_Data records_.
■ ■ ■ ■ ■
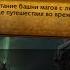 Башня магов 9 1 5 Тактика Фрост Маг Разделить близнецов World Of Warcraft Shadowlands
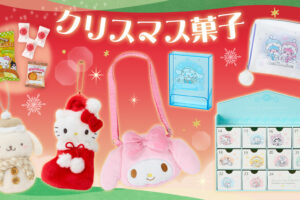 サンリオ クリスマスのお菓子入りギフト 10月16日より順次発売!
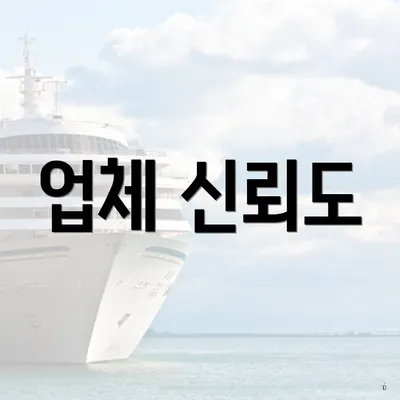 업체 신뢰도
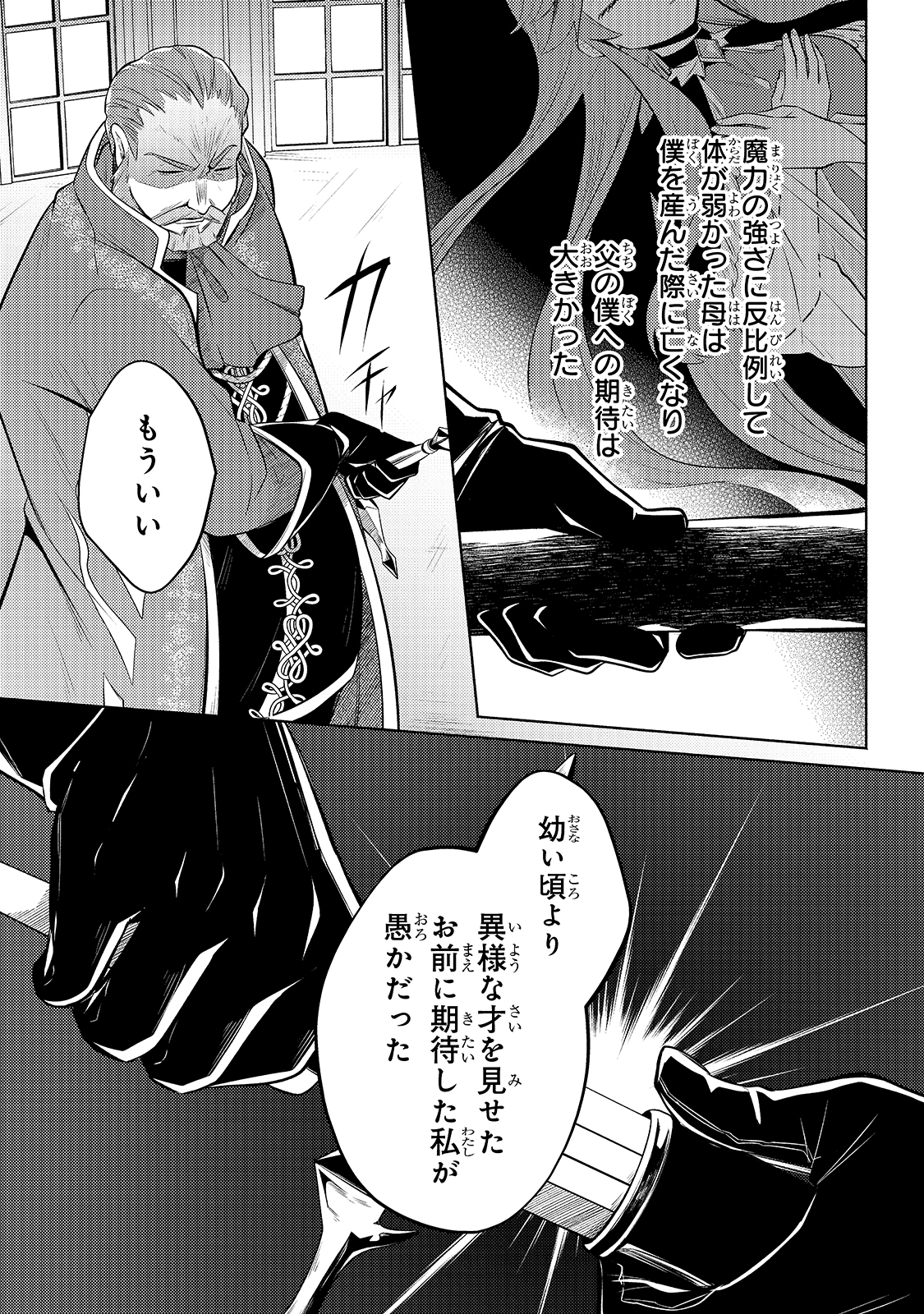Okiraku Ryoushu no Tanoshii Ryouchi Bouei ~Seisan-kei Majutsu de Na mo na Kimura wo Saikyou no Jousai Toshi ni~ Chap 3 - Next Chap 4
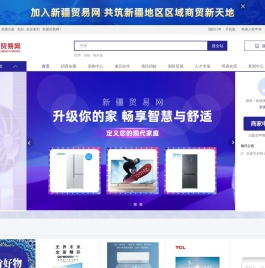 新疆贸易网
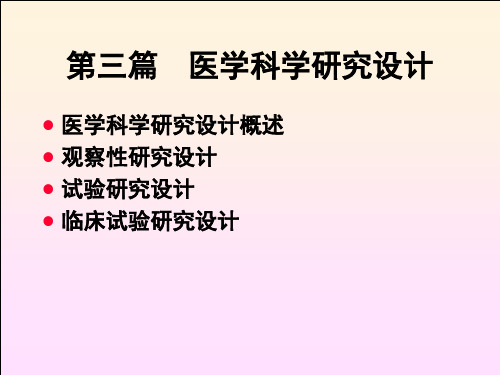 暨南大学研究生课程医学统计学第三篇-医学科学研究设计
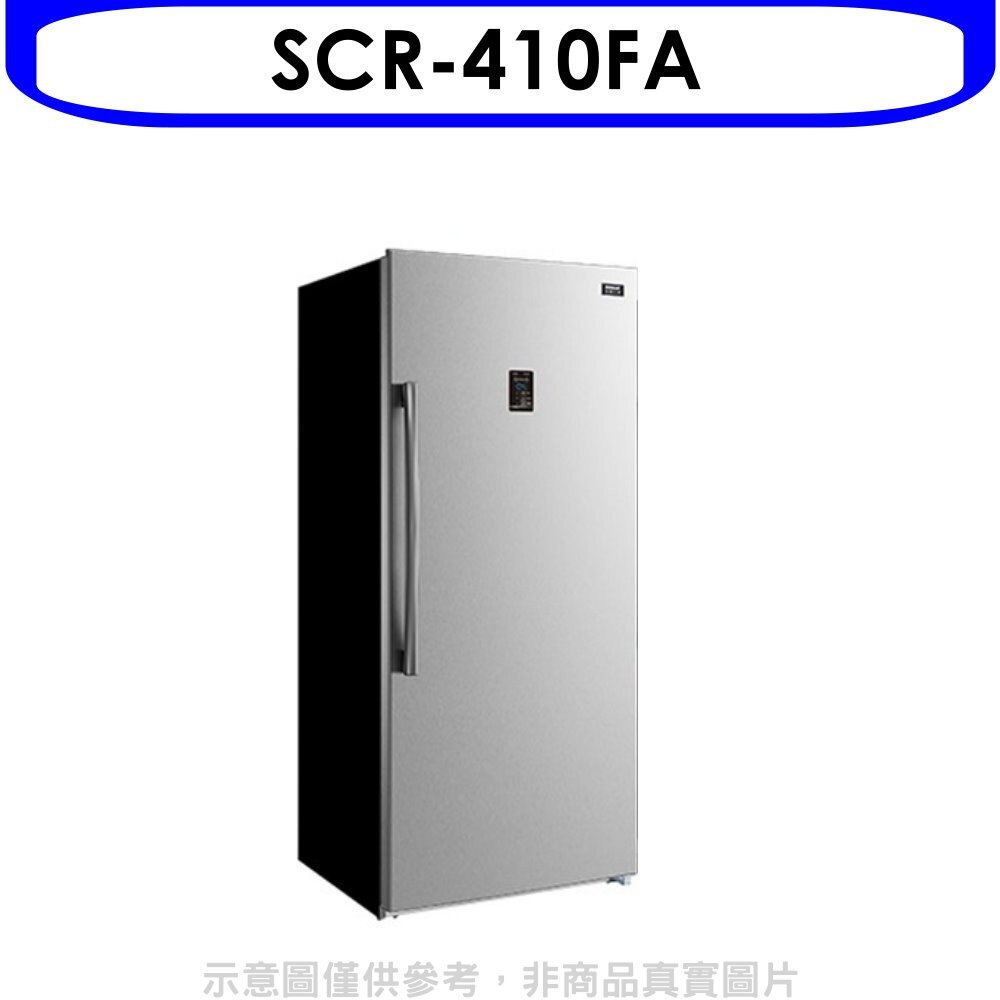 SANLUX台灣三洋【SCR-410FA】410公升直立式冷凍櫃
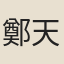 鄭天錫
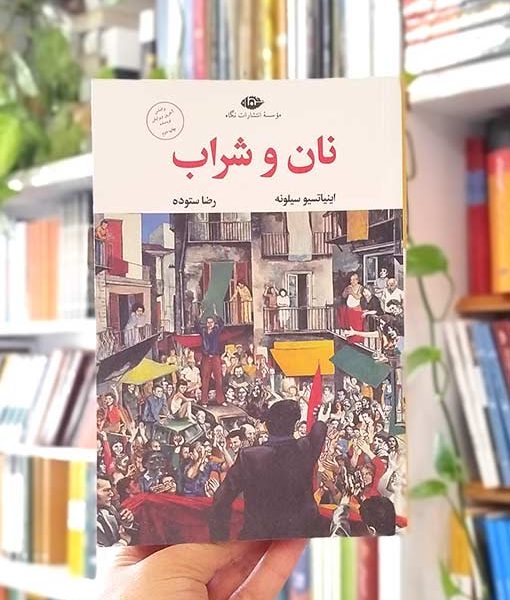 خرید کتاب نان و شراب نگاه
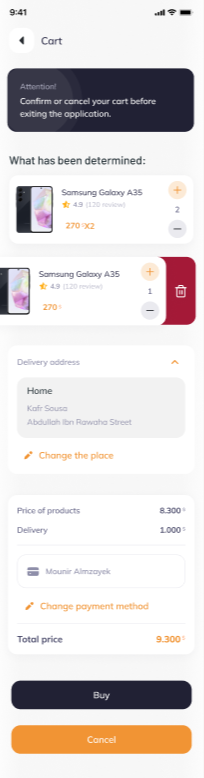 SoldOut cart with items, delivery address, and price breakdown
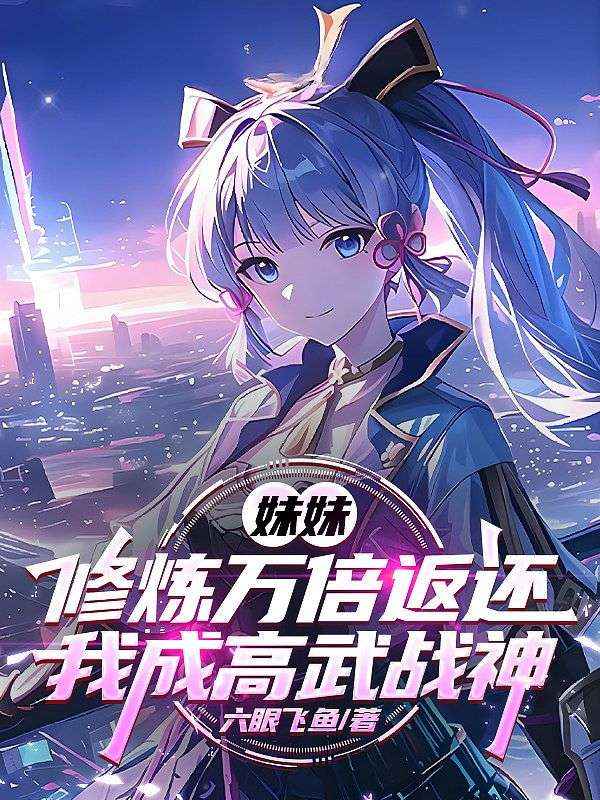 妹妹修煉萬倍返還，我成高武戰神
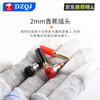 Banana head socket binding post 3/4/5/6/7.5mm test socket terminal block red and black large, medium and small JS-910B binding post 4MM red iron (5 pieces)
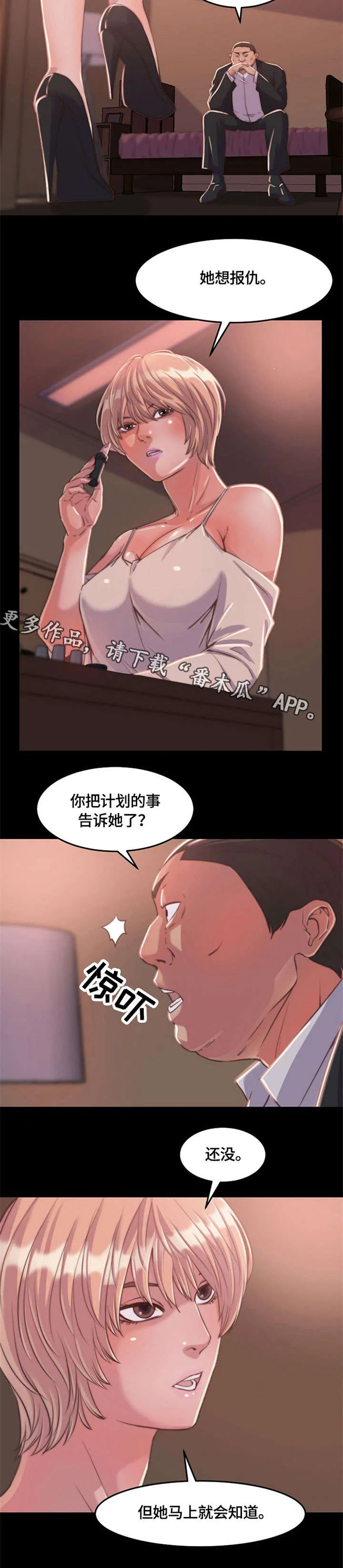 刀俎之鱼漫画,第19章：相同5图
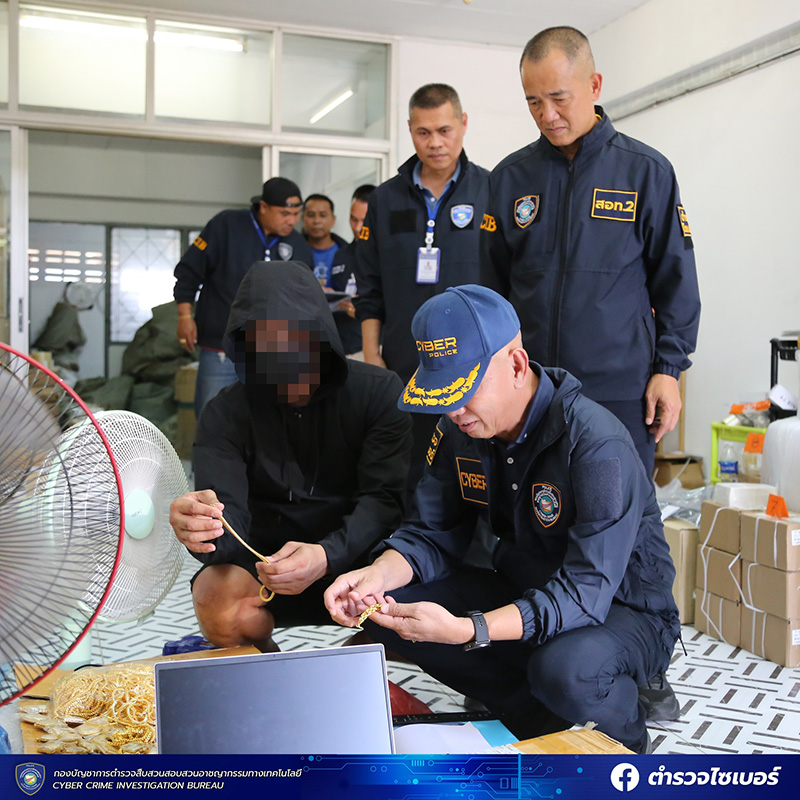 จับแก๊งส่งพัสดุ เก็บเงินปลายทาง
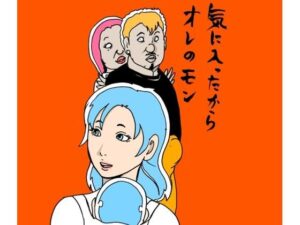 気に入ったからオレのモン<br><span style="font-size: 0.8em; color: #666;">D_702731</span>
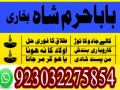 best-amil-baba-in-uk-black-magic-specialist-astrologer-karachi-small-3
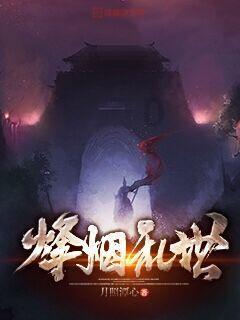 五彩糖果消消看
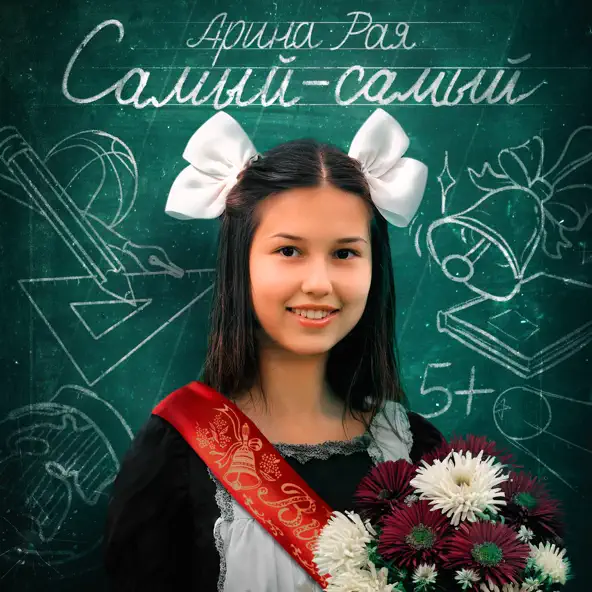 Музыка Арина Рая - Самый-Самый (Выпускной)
■ ■ ■ ■ ■
_AIM OF THE TASK_. Copy every record verbatim while leaving each picture out.

_ANSWER TO THE PROBLEM_.
 Башня магов 9 1 5 Тактика Фрост Маг Разделить близнецов World Of Warcraft Shadowlands
 サンリオ クリスマスのお菓子入りギフト 10月16日より順次発売!
 업체 신뢰도
Okiraku Ryoushu no Tanoshii Ryouchi Bouei ~Seisan-kei Majutsu de Na mo na Kimura wo Saikyou no Jousai Toshi ni~ Chap 3 - Next Chap 4
 新疆贸易网
 暨南大学研究生课程医学统计学第三篇-医学科学研究设计
 SANLUX台灣三洋【SCR-410FA】410公升直立式冷凍櫃
 鄭天錫
 خرید کتاب نان و شراب نگاه
 SoldOut cart with items, delivery address, and price breakdown
 妹妹修煉萬倍返還，我成高武戰神
 Banana head socket binding post 3/4/5/6/7.5mm test socket terminal block red and black large, medium and small JS-910B binding post 4MM red iron (5 pieces)
 刀俎之鱼漫画,第19章：相同5图
 จับแก๊งส่งพัสดุ เก็บเงินปลายทาง
 気に入ったからオレのモン<br><span style="font-size: 0.8em; color: #666;">D_702731</span>
 best-amil-baba-in-uk-black-magic-specialist-astrologer-karachi-small-3
 五彩糖果消消看
 Музыка Арина Рая - Самый-Самый (Выпускной)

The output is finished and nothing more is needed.